ステンドグラスについては、ブルサのイェシルジャーミイ(1414年まで)にさえシェフザーデジャーミィとその墓廟にもあるような凝ったデザインのものがあることが分かった。ただし後世の修復時に新たなデザインでつくられたものでなければ。
それについてはこちら

大きなモスクになると、ミフラーブ壁などのステンドグラスは凝っていても、上部のステンドグラスは白または透明な地に、僅かに色ガラスが嵌め込まれたシンプルなものが多かった。
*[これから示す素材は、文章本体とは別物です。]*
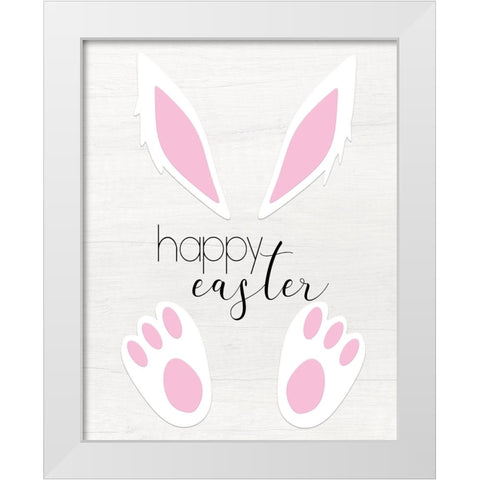 Happy Easter White Modern Wood Framed Art Print by CAD Designs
それをモスクの創建年代に沿って見てみると、


エディルネ エスキジャーミイ(1414年完成)
ミフラーブ壁のステンドグラスはあまり凝ったものではないが、

礼拝室上部のステンドグラスはそれを多少簡略化した程度


エディルネ ムラディエジャーミイ(1427年完成)
ミフラーブ壁やタブハネの上側のアーチ窓に、ロンデル3個を5段に並べたその周辺と窓の輪郭に色ガラスステンドグラスだったが、オリジナルだろうか。
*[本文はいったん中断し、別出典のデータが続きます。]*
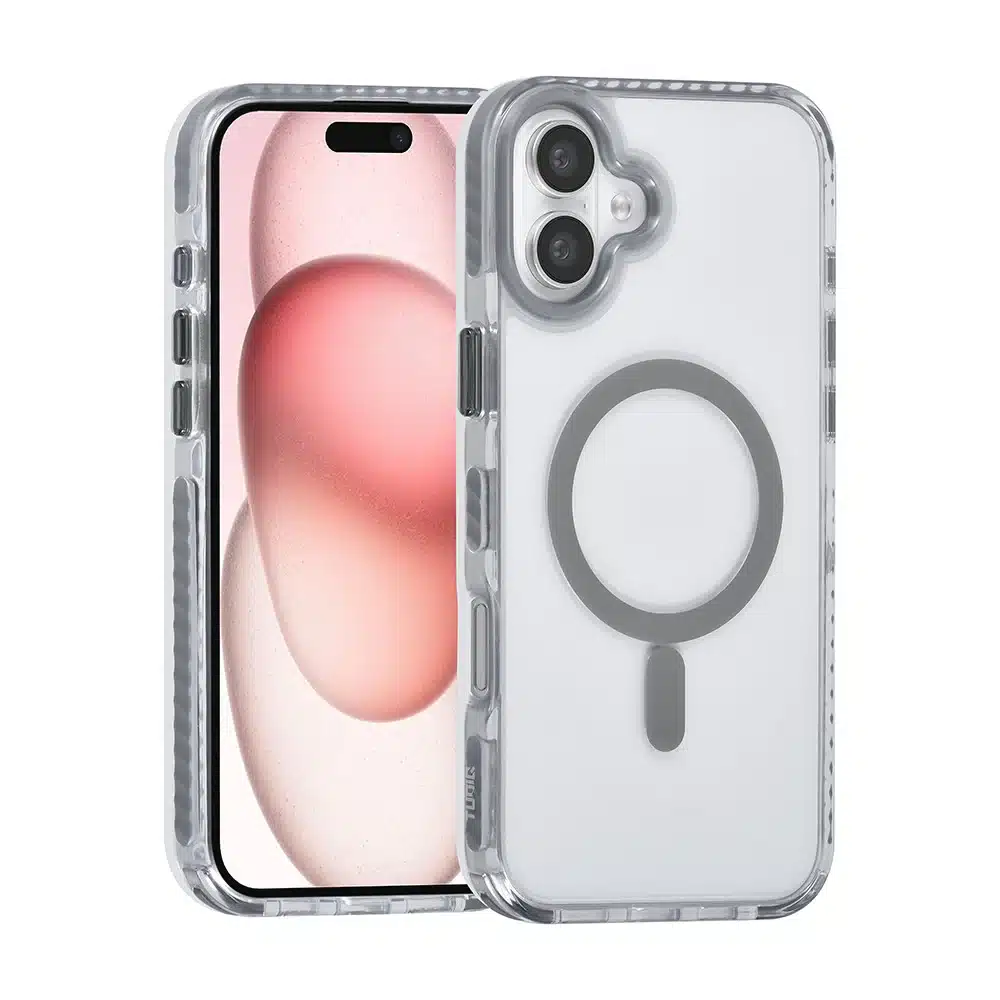 TUNIQ – Backcover iPhone 16 Plus – Afneembaar Nek koord -TPU- PC – Grijs-Transparant - Afbeelding 1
エディルネ ユチュシェレフェリジャーミイ (1447年完成)
ミフラーブ壁のステンドグラスは華やかだが、上部のステンドグラスは枠が目立つものだった。


エディルネ バヤズィットキュッリエ モスク(1484-88)
ミフラーブもドーム下もステンドグラスの装飾はあまり変わらない。

ミフラーブに近いものは上部中央が円形でカリグラフィーが表されているが、上の方では縦長楕円の白いガラスになっているくらい。紫色のガラスのお陰で落ち着いたステンドグラスになっている。
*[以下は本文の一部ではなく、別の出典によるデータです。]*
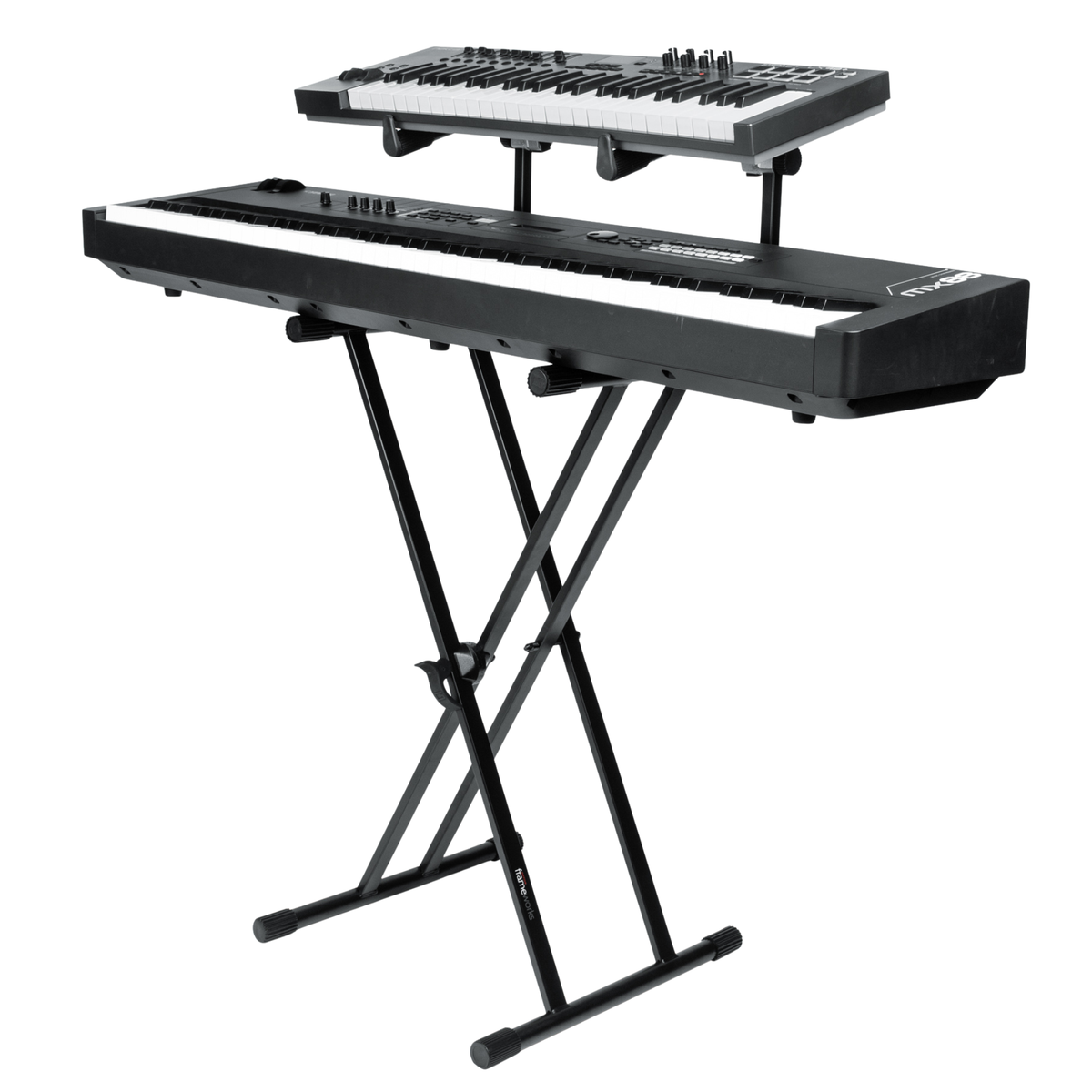 Gator Frameworks Deluxe 2 Tier X-Style Keyboard Stand, Black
イスタンブール ベヤズィットジャーミイ(1500-06)
『トルコ・イスラム建築』は、1509 年と 1766年には地震で大きな被害を受け、特に完成して間のない 1509年の地震ではドームも崩れている。ミマール・スィナンの時代の1573年に修復され、ミフラーブ側の大アーチには補強アーチが付けられた。また、1999年の地震でもドームに亀裂が入り、イスタンブルで被害を受けたモスクの中では最初に修復されているという。
ステンドグラスはミフラーブの上と半ドームでは極端な違いはない。

ベヤズィト廟のステンドグラスは色ガラスが極端に小さい。


イスタンブール ヤウズスルタンセリムジャーミイ スレイマン大帝により1522年に完成
スレイマン大帝の父セリム一世が「冷酷な」という形容詞付きで呼ばれているのは、スレイマン大帝の跡継ぎのセリム二世と区別するためなのだろう。
ミフラーブ壁のステンドグラス

無色透明なガラス部分は修復の際に復元しなかったのでは。


イスタンブール シェフザーデジャーミイのキュッリエ(複合施設 1548年完成)では、メフメト皇子の墓廟には細かな文様のステンドグラスが多いが、モスクでは白いガラス面が多いステンドグラスだった
ミフラーブ壁側の半ドームやその下両側のエクセドラドームではほとんど色ガラスが使われていないように見える。これらがオリジナルか修復でこのようになってしまったのかを知る手掛かりはない。

ミフラーブ上部のステンドグラスは色ガラスの枠が何でつくられているのか分からないが、曲線が目立つ。もっと簡略化されたデザインが上部のステンドグラスに嵌め込まれていたのではないだろうか。


側壁にも凝ったステンドグラスが嵌め込まれているが、さすがにドーム上部になると白ガラスが目立つ。そこの写真を撮っていなかった。

小半ドーム
小さな窓にも可愛い花のステンドグラスが嵌め込まれている。


イスタンブール ハドゥムイブラヒムパシャジャーミイ 1551年完成
ミフラーブ壁とドーム
ステンドグラスは曲面でつくった三角形六つで円にするだけのシンプルなもの。ミフラーブ周りもドーム下も同じデザインのステンドグラスのよう。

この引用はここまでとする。